После «параллельной реальности» Хантера нести псевдотехническую чушь оказалось совсем нетрудно.
– Пишу каждое слово, – с профессионально честным взглядом ответила Марина, демонстрируя в блокноте массив закорючек, которые всегда рисовала, когда ей было скучно или тревожно. – Вы же наверняка знаете, что журналистов учат особой стенографии.
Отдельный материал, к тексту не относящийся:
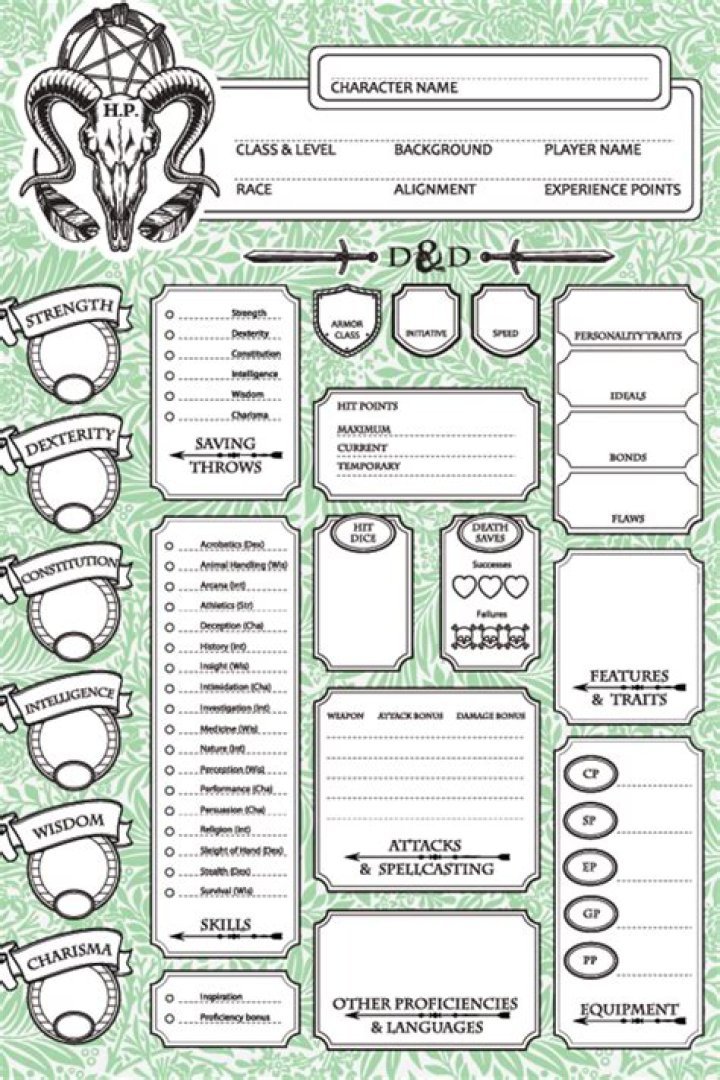 Download Free Character Sheet PDF Template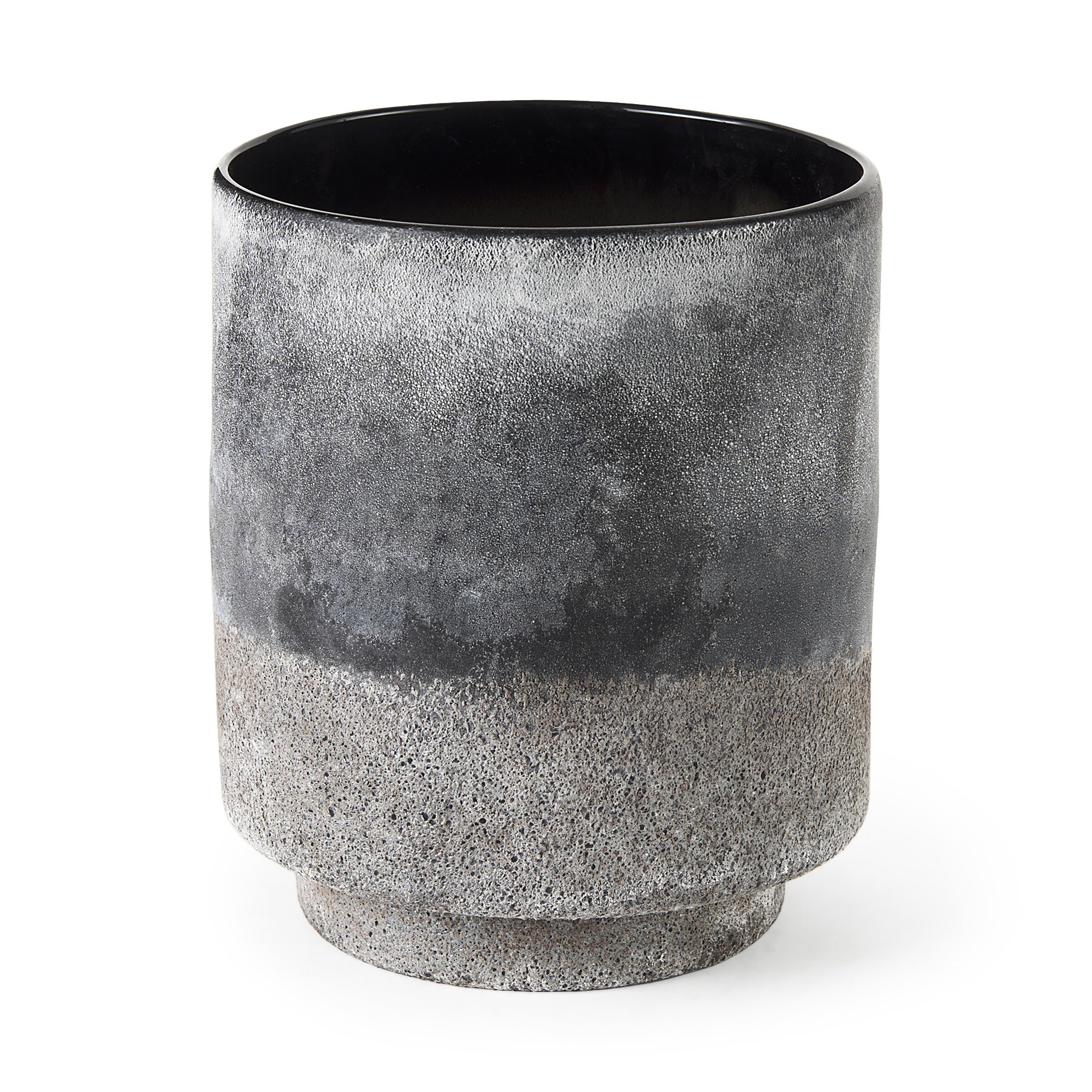 9 Inch Black, Brown, and Gray Ombre Textured Ceramic Vase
В это время к костру подошел Колыч, поставил перед Костей и Мариной по миске гречневой каши с тушенкой и устроился здесь же благодарным слушателем. Судя по всему, рассказ Хантера ему очень нравился, и он был готов внимать ему снова и снова.
Со стороны озерка потянуло ветром, в котором угадывались запахи свежей воды и водорослей. Костя на несколько мгновений отвлекся, заметив, как по воде бежит красивая гребенка из абсолютно ровных и одинаковых волн. Достигнув песчаной отмели, волны резко набирали амплитуду и падали на пологий берег со всей свирепостью, доступной для цунами высотой по колено.
– Мои парни, настоящие герои, не жалели своих жизней, чтобы остановить жадных толстосумов и безжалостных потрошителей в белых халатах. Но не сумели. Проклятые убийцы запустили свою адскую машину и нанесли смертельные раны Матери-Зоне. А значит, воткнули нож в сердце каждому настоящему сталкеру!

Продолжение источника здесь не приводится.